PROVIDED DATA:

*** Block opens ***

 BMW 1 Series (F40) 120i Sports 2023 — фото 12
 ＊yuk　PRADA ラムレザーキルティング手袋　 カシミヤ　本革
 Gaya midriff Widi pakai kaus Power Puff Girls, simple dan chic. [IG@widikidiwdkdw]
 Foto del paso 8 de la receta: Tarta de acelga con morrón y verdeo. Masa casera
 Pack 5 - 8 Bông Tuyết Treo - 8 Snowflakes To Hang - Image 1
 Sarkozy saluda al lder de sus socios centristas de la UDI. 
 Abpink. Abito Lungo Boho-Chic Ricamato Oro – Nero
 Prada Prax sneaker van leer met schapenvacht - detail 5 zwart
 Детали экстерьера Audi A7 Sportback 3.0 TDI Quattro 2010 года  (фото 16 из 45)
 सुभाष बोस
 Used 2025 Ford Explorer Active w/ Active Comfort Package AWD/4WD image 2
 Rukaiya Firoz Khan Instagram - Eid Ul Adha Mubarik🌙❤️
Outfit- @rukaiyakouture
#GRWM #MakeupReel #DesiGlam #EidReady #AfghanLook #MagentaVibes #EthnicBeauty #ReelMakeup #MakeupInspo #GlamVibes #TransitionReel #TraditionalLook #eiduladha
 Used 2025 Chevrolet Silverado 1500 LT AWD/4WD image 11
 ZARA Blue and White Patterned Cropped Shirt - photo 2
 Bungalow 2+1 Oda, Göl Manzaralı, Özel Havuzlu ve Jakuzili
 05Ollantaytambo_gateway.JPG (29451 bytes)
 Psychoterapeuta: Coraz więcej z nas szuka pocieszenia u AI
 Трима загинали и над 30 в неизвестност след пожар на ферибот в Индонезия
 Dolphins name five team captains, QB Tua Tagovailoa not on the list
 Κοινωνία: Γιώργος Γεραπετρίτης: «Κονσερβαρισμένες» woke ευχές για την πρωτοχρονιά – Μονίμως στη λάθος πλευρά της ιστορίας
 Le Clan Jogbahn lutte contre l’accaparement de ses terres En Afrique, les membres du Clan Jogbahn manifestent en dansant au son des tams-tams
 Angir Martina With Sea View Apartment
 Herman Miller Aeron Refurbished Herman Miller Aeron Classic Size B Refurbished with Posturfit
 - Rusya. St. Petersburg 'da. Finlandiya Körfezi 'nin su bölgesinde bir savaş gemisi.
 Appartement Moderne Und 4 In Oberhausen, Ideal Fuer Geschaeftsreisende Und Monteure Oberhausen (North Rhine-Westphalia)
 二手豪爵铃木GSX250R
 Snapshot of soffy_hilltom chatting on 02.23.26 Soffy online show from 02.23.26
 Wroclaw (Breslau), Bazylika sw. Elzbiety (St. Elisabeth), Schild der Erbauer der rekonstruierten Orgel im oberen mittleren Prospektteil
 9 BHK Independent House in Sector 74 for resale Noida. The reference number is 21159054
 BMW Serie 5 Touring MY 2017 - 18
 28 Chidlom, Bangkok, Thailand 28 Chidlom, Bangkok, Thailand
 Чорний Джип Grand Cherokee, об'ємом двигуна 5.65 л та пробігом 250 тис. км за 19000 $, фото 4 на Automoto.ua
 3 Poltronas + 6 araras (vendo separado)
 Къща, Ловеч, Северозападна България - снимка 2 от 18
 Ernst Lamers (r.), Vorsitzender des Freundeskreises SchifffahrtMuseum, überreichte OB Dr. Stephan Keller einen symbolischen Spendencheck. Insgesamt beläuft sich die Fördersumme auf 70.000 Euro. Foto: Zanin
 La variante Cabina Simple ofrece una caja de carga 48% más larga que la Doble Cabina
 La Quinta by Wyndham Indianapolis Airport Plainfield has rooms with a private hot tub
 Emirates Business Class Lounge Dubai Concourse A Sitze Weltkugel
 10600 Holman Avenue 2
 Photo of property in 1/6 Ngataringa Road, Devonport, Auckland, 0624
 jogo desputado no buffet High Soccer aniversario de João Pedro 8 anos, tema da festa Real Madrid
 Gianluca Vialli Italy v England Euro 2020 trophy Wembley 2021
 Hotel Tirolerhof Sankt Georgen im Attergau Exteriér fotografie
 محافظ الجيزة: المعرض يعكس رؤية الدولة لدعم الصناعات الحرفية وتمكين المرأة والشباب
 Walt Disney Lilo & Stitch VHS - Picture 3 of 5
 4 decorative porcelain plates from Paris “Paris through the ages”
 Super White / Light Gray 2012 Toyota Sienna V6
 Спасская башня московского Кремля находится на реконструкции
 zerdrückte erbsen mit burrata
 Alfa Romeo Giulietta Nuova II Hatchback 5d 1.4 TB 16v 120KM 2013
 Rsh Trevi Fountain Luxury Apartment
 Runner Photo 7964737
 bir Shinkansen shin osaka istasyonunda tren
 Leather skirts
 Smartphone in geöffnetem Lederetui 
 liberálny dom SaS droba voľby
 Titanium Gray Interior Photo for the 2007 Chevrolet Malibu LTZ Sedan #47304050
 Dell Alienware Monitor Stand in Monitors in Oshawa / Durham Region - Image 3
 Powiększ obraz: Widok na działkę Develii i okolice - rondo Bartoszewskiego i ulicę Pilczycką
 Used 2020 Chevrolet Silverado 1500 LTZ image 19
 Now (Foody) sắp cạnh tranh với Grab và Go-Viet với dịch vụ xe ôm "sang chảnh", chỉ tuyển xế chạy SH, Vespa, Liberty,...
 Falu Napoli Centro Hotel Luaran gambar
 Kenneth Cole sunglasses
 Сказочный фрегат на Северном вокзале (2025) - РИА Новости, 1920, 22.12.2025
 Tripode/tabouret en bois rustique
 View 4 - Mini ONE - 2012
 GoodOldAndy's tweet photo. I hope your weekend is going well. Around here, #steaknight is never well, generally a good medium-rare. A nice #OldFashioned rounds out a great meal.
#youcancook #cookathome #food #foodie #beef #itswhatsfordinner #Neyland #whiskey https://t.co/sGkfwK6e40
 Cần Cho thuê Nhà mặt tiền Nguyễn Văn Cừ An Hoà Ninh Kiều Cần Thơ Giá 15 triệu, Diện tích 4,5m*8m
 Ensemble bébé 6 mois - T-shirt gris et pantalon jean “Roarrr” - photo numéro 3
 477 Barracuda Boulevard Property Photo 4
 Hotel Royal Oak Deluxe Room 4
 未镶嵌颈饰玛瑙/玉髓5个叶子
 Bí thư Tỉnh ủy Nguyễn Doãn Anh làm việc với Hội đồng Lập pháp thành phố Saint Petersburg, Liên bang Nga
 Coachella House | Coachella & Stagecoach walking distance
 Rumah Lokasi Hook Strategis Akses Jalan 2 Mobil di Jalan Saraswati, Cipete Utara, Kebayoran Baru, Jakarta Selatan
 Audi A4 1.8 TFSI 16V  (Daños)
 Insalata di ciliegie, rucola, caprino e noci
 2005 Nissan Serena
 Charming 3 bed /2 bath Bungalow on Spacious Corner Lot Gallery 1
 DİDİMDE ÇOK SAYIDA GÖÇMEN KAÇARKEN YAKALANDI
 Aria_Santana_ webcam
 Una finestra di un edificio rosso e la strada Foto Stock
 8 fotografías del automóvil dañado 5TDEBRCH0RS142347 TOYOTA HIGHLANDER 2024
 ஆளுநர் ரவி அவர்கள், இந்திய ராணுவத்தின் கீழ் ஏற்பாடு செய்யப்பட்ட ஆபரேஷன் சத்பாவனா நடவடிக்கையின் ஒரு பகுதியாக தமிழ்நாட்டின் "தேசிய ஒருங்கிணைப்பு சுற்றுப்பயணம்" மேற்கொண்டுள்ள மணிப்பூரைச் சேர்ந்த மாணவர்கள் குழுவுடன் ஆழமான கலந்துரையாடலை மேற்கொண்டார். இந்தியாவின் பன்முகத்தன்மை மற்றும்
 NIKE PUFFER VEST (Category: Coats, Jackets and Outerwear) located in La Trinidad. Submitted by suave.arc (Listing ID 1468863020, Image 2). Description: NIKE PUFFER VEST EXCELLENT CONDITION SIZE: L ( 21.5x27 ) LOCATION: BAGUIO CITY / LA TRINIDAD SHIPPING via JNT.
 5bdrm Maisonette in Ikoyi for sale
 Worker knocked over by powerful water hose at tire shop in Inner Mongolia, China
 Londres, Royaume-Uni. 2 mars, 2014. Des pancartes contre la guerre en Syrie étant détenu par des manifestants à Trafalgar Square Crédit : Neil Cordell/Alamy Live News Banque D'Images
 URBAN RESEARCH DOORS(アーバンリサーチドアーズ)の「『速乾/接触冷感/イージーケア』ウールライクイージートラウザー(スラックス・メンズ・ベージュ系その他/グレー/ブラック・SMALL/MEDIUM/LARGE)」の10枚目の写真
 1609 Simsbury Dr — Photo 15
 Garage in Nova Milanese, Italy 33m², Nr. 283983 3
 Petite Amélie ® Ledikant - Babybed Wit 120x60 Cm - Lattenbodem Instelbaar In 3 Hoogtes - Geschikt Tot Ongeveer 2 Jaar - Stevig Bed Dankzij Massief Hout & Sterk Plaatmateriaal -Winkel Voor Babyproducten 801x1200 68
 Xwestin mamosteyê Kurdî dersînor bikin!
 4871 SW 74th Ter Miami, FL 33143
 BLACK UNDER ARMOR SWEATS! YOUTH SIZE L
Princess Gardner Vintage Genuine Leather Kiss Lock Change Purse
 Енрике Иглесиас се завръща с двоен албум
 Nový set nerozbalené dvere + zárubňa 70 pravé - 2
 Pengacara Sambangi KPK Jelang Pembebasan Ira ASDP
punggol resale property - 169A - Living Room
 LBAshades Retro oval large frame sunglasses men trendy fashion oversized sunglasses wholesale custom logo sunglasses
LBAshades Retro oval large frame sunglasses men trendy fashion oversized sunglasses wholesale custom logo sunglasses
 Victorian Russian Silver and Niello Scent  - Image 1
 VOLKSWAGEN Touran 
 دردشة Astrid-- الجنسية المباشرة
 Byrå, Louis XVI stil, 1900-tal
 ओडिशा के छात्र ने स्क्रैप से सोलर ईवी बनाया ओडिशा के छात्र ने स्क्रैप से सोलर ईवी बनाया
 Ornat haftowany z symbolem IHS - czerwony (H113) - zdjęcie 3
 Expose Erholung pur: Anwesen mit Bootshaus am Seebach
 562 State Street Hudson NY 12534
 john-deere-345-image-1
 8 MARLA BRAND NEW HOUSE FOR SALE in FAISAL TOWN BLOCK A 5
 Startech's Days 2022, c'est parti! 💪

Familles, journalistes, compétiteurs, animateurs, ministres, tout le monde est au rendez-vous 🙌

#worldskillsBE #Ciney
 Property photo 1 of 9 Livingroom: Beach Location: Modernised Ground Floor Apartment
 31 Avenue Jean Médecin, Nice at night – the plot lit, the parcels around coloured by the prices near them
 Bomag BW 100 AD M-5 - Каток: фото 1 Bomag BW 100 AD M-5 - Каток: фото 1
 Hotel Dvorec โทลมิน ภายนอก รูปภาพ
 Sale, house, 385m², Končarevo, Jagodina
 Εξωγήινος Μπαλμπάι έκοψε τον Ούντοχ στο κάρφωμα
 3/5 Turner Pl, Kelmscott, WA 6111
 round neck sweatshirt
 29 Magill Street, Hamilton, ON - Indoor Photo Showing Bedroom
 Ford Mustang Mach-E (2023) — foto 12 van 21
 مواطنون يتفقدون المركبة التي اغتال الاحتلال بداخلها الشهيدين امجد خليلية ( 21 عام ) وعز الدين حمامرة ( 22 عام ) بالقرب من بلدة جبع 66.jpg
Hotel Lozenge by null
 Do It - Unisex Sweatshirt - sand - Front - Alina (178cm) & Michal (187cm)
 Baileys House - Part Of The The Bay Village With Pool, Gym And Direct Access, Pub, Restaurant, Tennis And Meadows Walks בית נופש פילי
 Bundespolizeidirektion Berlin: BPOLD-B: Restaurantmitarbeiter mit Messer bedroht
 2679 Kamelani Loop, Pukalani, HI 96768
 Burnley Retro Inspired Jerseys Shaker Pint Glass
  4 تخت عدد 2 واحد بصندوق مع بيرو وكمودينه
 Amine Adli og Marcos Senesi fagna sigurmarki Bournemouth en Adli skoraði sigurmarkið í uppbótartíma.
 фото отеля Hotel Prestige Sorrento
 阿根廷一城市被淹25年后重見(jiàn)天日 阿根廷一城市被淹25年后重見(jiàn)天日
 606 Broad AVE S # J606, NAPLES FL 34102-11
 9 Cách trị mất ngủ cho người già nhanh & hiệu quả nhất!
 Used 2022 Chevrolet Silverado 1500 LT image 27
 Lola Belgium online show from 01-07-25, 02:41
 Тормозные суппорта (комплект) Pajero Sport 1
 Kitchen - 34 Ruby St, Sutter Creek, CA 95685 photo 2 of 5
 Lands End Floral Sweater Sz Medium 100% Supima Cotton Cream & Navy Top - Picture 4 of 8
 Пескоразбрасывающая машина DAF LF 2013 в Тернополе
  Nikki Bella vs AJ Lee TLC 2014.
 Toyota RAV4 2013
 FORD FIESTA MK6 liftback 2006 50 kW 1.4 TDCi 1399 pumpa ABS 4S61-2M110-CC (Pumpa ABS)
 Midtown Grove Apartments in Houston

*** Block closes ***

TASK REQUIREMENTS: What are the lines, exactly as written above, from the line with "Do It - Unisex" to the line with "9 Cách trị mất", both included? Output only those.

YOUR SOLUTION:
 Do It - Unisex Sweatshirt - sand - Front - Alina (178cm) & Michal (187cm)
 Baileys House - Part Of The The Bay Village With Pool, Gym And Direct Access, Pub, Restaurant, Tennis And Meadows Walks בית נופש פילי
 Bundespolizeidirektion Berlin: BPOLD-B: Restaurantmitarbeiter mit Messer bedroht
 2679 Kamelani Loop, Pukalani, HI 96768
 Burnley Retro Inspired Jerseys Shaker Pint Glass
  4 تخت عدد 2 واحد بصندوق مع بيرو وكمودينه
 Amine Adli og Marcos Senesi fagna sigurmarki Bournemouth en Adli skoraði sigurmarkið í uppbótartíma.
 фото отеля Hotel Prestige Sorrento
 阿根廷一城市被淹25年后重見(jiàn)天日 阿根廷一城市被淹25年后重見(jiàn)天日
 606 Broad AVE S # J606, NAPLES FL 34102-11
 9 Cách trị mất ngủ cho người già nhanh & hiệu quả nhất!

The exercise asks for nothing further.